The same, however, can’t be said of QPR, Luton and Oldham, as a variety of relegations, boardroom power-struggles, financial difficulties, and even a spell outside the Football League in Luton’s case, have beset those three clubs that used artificial pitches in the higher divisions to propel themselves to views of their own personal Promised Lands.
While no correlation can realistically be drawn to link their various sliding-scale demises with relinquishing their artificial surfaces, it is fair to say those surfaces assisted heavily in making QPR, Luton and Oldham’s golden eras come to fruition. Arguably, Luton’s surface helped them delay their eventual 1992 relegation from the top flight by a couple of seasons.

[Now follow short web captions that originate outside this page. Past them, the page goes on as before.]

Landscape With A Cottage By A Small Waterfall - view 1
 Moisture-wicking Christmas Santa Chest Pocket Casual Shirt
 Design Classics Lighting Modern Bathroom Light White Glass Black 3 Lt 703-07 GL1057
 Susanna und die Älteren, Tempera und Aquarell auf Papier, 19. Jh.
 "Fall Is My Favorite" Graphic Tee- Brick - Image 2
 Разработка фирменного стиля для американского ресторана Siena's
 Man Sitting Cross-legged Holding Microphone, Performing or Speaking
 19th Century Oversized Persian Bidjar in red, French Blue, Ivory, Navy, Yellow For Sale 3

Not much more than a decade after the final whistle blew on that Preston versus Torquay playoff semi-final, the shadow of artificial pitches had crept across the game once more. 3G technology began to make a name for itself, a surface that went on to gain UEFA and FIFA blessings. By 2007 England were facing Russia in a crucial Euro 2008 qualifier at the Luzhniki Stadium on an approved artificial pitch, just two years after UEFA had begun to allow the use of some approved surfaces in their club competitions.
Again, fear and scepticism arose from many quarters – and still does to this day. The Lithuanian fire brigade had to water the artificial pitch at the LFF Stadium prior to England’s visit during the last round of qualifiers for Euro 2016, amidst reported fears from players and coaches alike. It was compounded all the more after Newcastle United’s Tim Krul ruptured his cruciate ligament on the Astana Arena’s artificial pitch while playing for the Netherlands in Kazakhstan.
The artificial pitch issue has almost gone full-circle once more. Questionmarks over injuries sustained and psychological fears from visiting teams are the same ones today that were regularly aired three decades ago. The second coming of artificial pitches seems set to be a longer lasting occurrence this time, however.
The 2015 FIFA Women’s World Cup was entirely played out on artificial surfaces, a proposition that initially led to a group of players lodging a complaint of gender discrimination to the Human Rights Tribunal of Ontario, naming FIFA and the Canadian Soccer Association. Complaints were eventually withdrawn and the tournament was deemed a massive success, but for many this was in spite of the artificial pitches rather than because of them. Controversy, it appears, will forever go hand-in-hand with artificial football pitches.
In 1972 Terry Venables co-wrote a novel with the author Gordon Williams entitled ‘They Used to Play on Grass’ which predicted the end of grass being used as football’s playing surface. While grass may never fall completely out of fashion there will always be those who strive to create the perfect alternative to it, just as much as there will always be those who view that alternative surface with fear and suspicion. In a sport of defined winners and losers, when it comes to artificial pitches, there appears to be no final result due anytime soon.
As for Perry Buckland, still to this day no-one seems to be able to shed any light on whether he indeed was innocent or not. Neither can anyone come up with the identity of the person who protested so emphatically, in tall whitewash lettering on the Loftus Road Omni-Turf pitch, on Christmas Day 1981.